La notte non è, tuttavia, protagonista solo di film thriller o noir; molte commedie e film romantici ne hanno fatto l’ambientazione delle proprie vicende, come After Hours di Scorsese o Before Sunrise di Linklater. Ad unire romanticismo e commedia con sapiente ironia e notevole cultura è, in particolare, una delle più recenti opere del genio della comicità newyorkese: Midnight in Paris di Woody Allen. L’occhio di Allen si sposta dalla sua New York e si focalizza, in questo film, su Parigi. Ciò che rimane invariato è l’ironica critica nei confronti della società borghese, tratto distintivo del regista. In Midnight in Paris la notte non funge solo da contesto, bensì da vero e proprio elemento scatenante per lo sviluppo di una trama decisamente surreale.  Protagonista è Gil, un eterno nostalgico di un passato mai vissuto in cui molti possono facilmente identificarsi. Chi non ha mai sognato, dopotutto, di vivere anche solo per qualche ora in un’epoca differente? Per Gil questo desiderio diventa realtà quando, allo scoccare della mezzanotte, viene inspiegabilmente trasportato nella Parigi degli anni ’20, la città che fu il cuore pulsante della cultura europea dei primi decenni del Novecento. Gil, estasiato, ha l’occasione di incontrare, in questa sorta di dimensione parallela, alcune tra le principali figure della “Lost Generation” come Hemingway, Dalí, Buñuel, Fitzgerald. Questo spazio notturno permette a Gil di far emergere il proprio lato più colto e interiore che la modernità sembra non comprendere appieno. In bilico tra due diverse esistenze, Gil capisce di non poter rinunciare completamente alla concretezza del presente per abbandonarsi alla trascendenza della notte.

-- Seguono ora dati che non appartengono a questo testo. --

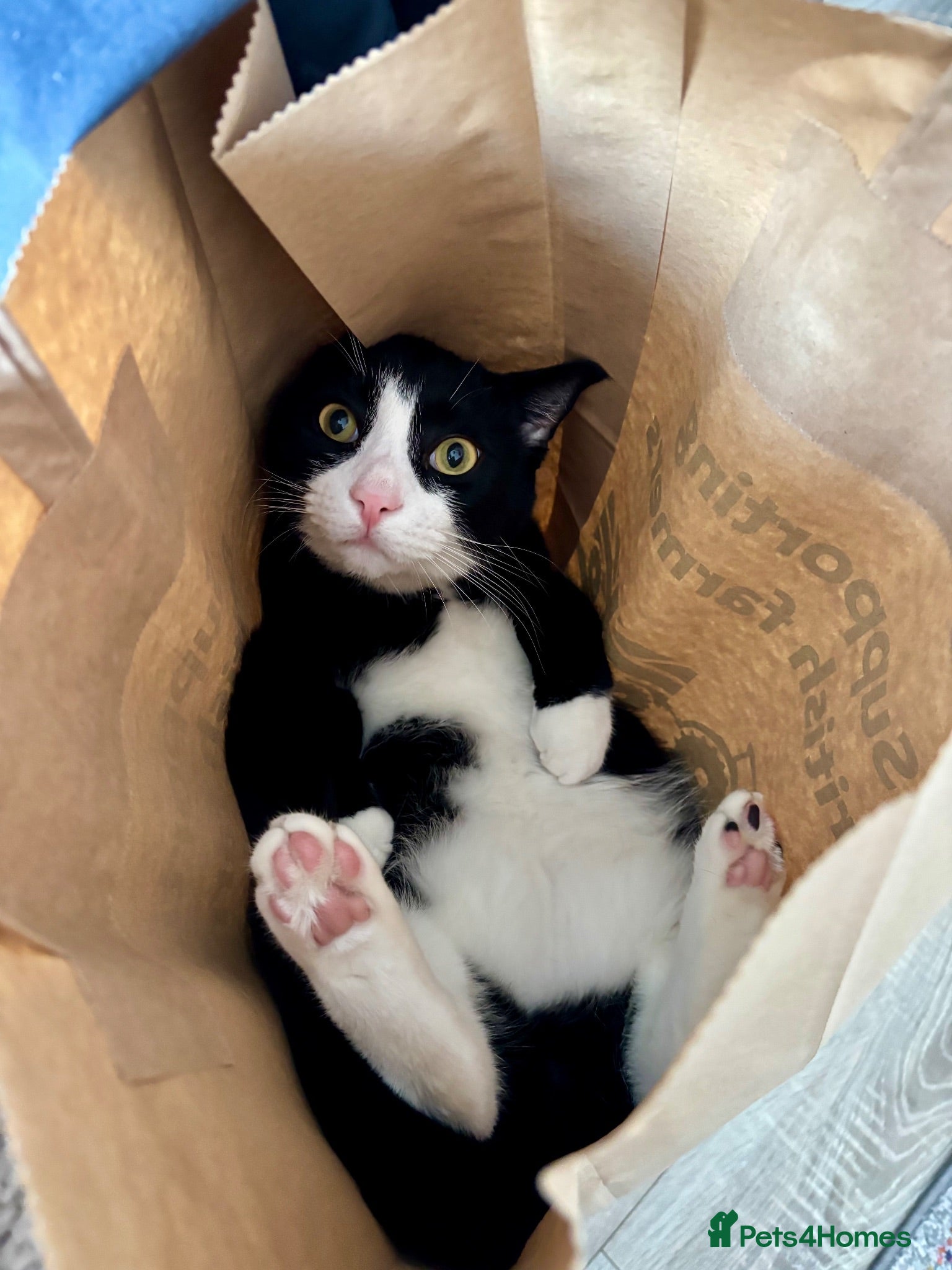 Mixed Breed cats Looking for a loving home - Advert 5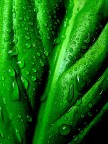 Il pianto verde... Il pianto verde...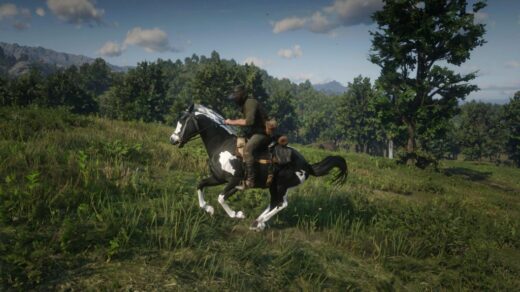 American-Paint-Horse-1024x576-1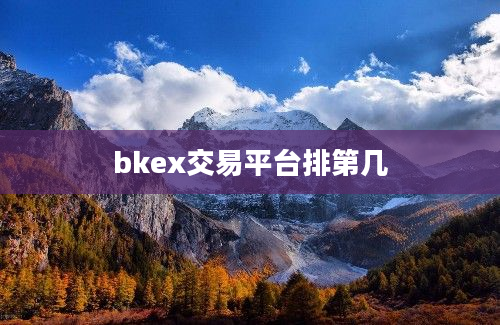 bkex交易平台排第几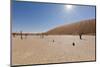 Dry Trees in Namib Desert-DR_Flash-Mounted Photographic Print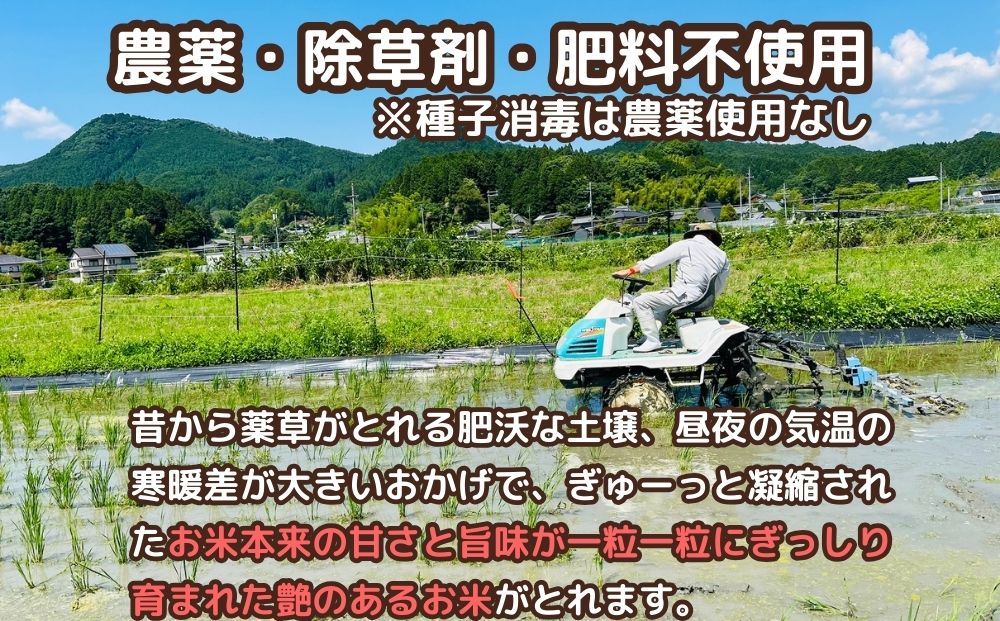 有機栽培米 令和6年産 玄米 奥大和高原米2kg／ 農家やまおか 有機 国産 お米 玄米 奈良県 宇陀市 ふるさと納税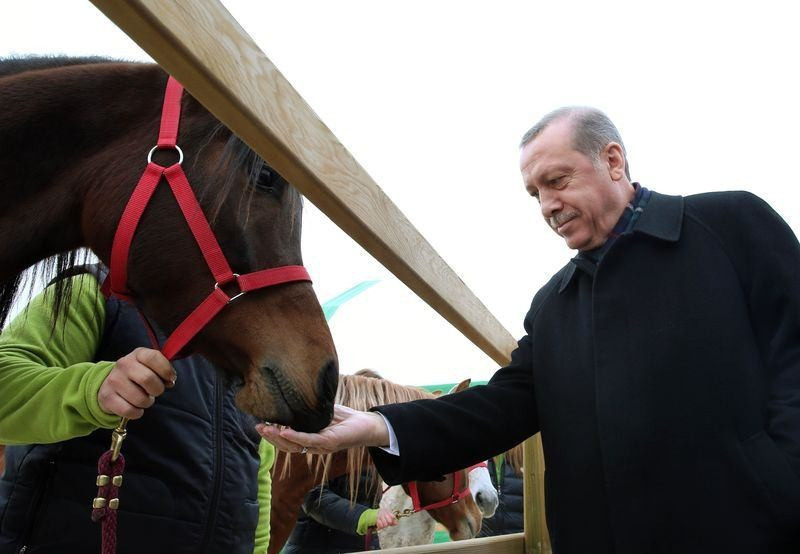 Erdoğan  atlı tedavi merkezini ziyaret etti - Resim: 3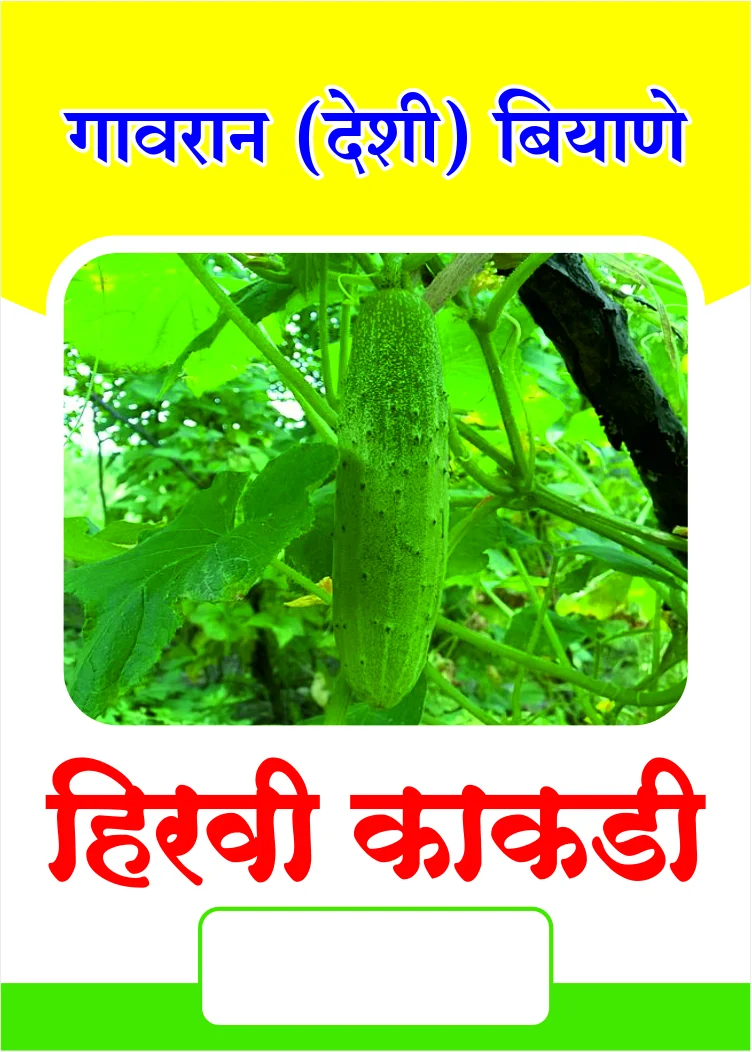 Hirvi Kakdi (हिरवी काकडी)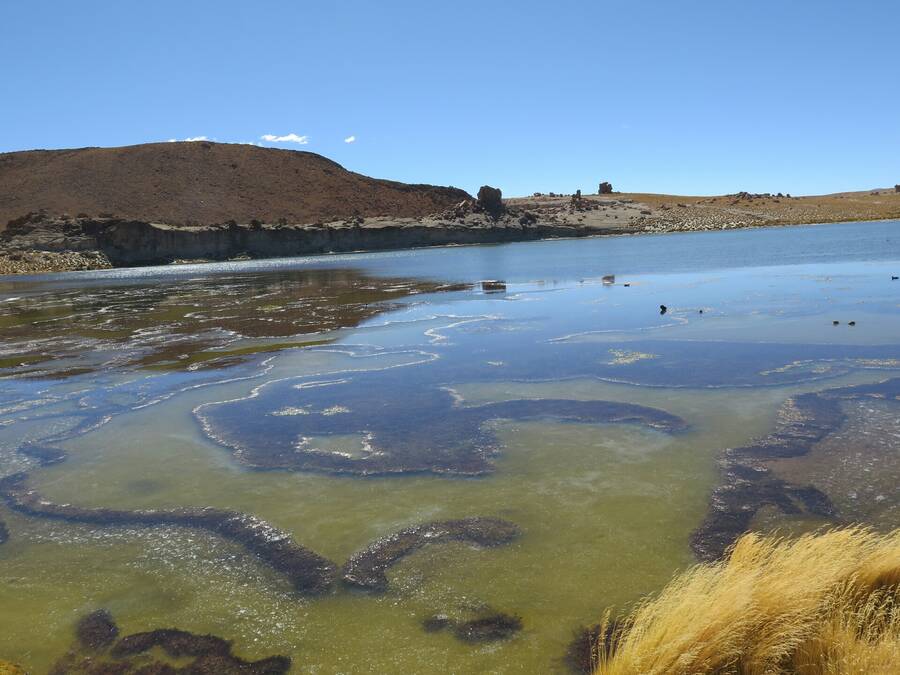 Laguna negra Laguna negra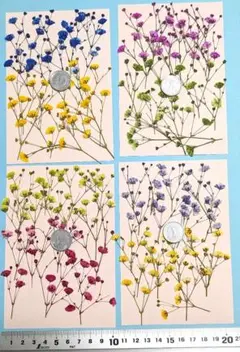 押し花、カラフルかすみ草
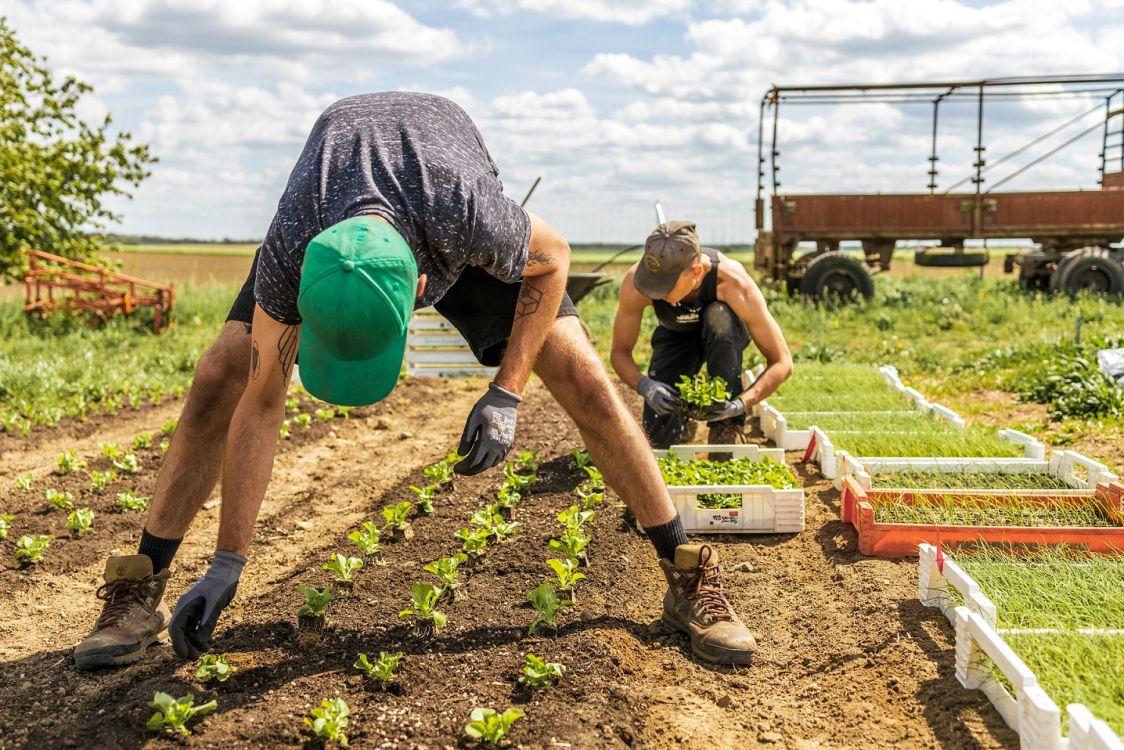 Junger Mann, der sich auf einem Feld nach Baby-Salaten bückt
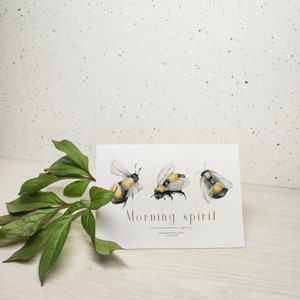 Pode incluir: Um cart&atilde;o branco com tr&ecirc;s ilustra&ccedil;&otilde;es de zang&otilde;es pintadas em aquarela. O cart&atilde;o tem o texto "Morning spirit" e "hand drawn bumble bee clipart set, botanical white peony collection" impresso nele.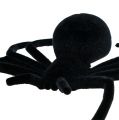 Floristik24 Spider black 16cm flocked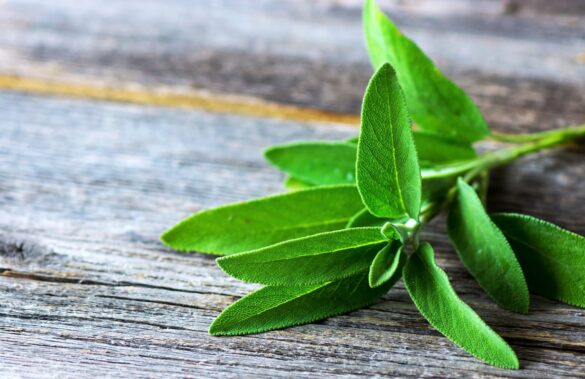 good herbs for inflammation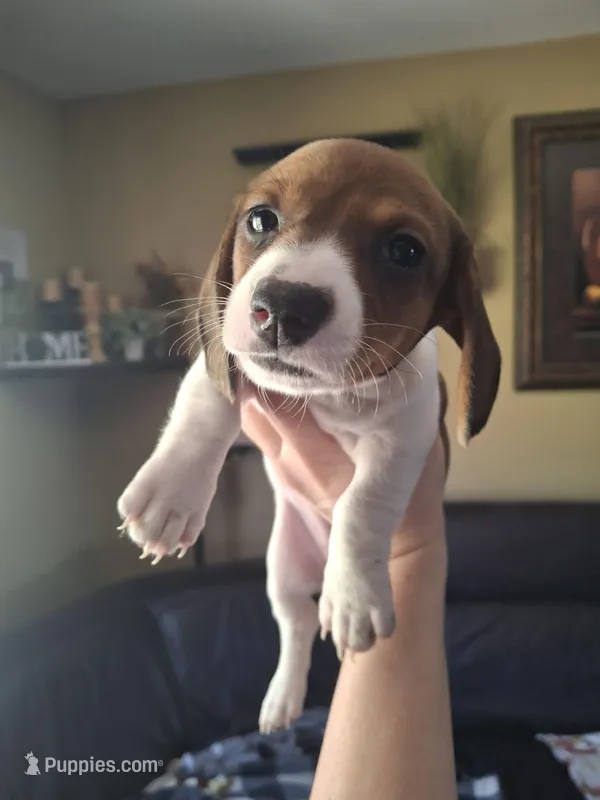 Lily  – Miniature Dachshund puppy for sale in Factoryville, PA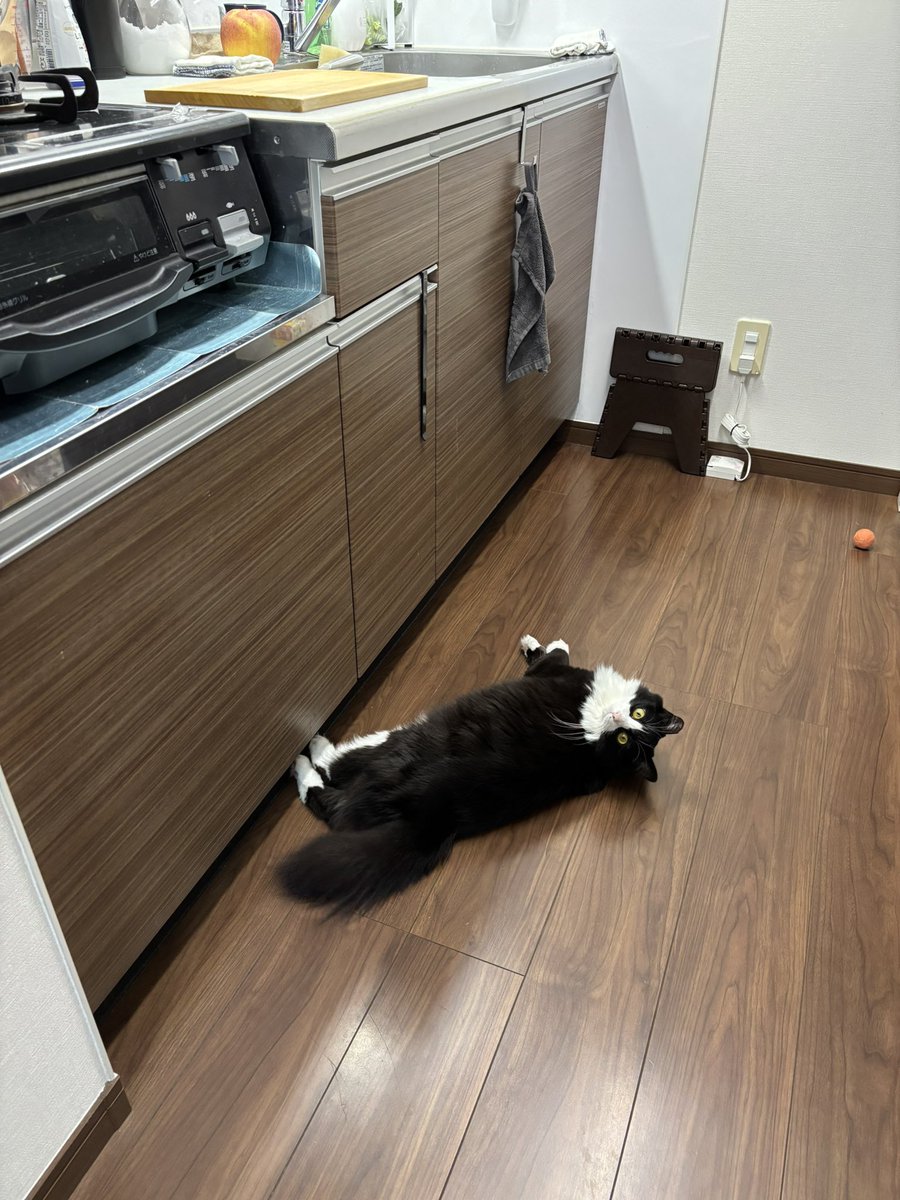 邪魔であることを理解して寝転がることあるよね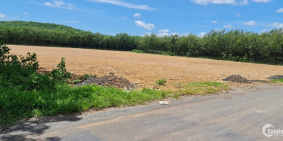 76 nền chưa bung mặt tiền đường ĐH Đồng Tâm - Thuận Lợi 32m chỉ 700-800tr/250m2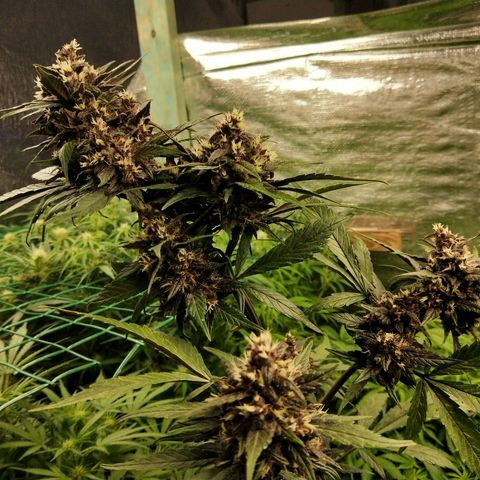 Purple lemonade  growlog photo: Some swelling now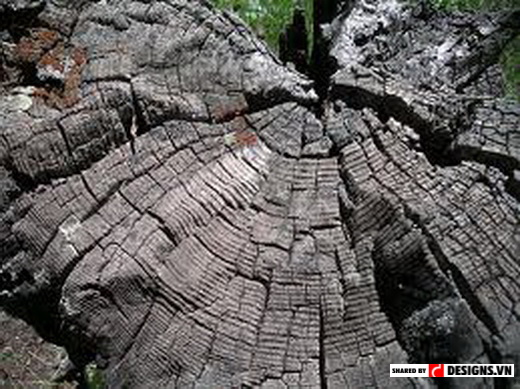 Texture là gì?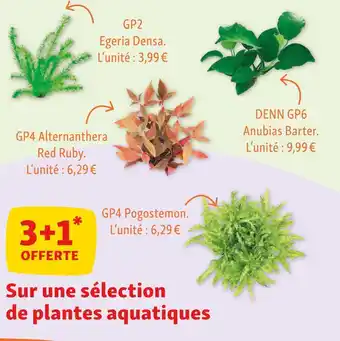 Maxi Zoo 3+1 offerte sur une sélection de plantes aquatiques offre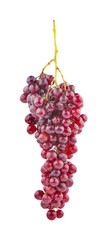 Ripe red grape isolated on white background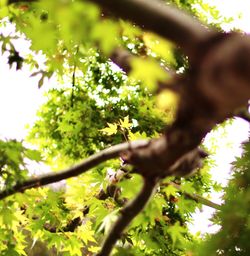 Low angle view of tree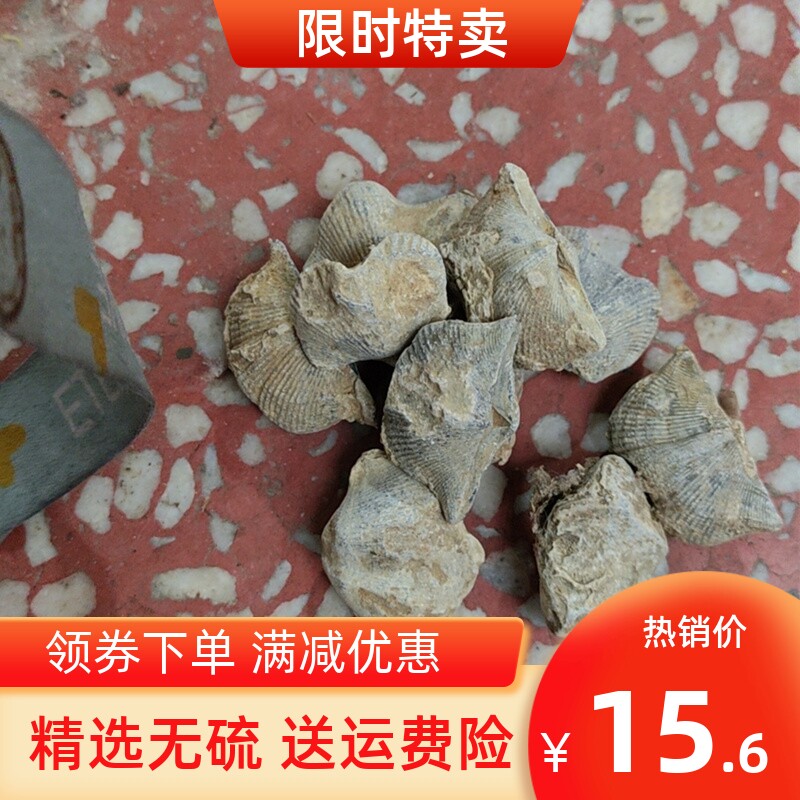 石燕500克 中药材石燕 燕石子 燕子石 水飞石包邮店有磁石 灶心土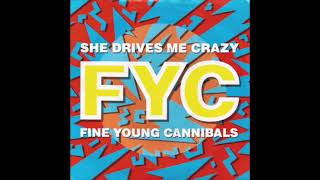 FIne Young Cannibals  She Drives Me Crazy Torisutan Extended [upl. by Mareah]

Non vi è dubbio, quindi, che a prescindere dal genere cinematografico, i film hanno saputo far uso della notte per comunicarci l’effetto che essa suscita nell’uomo: essere sé stesso. Che si tratti di introspezione, ritorno ad istinti primitivi, riconoscimento dell’implicito valore delle cose quotidiane, o semplicemente abbandono delle responsabilità diurne, la notte ci permette di raggiungere la nostra vera natura, quella che di giorno viene celata. Dopotutto, come potrebbero le stelle mostrare la loro essenza senza l’oscurità circostante?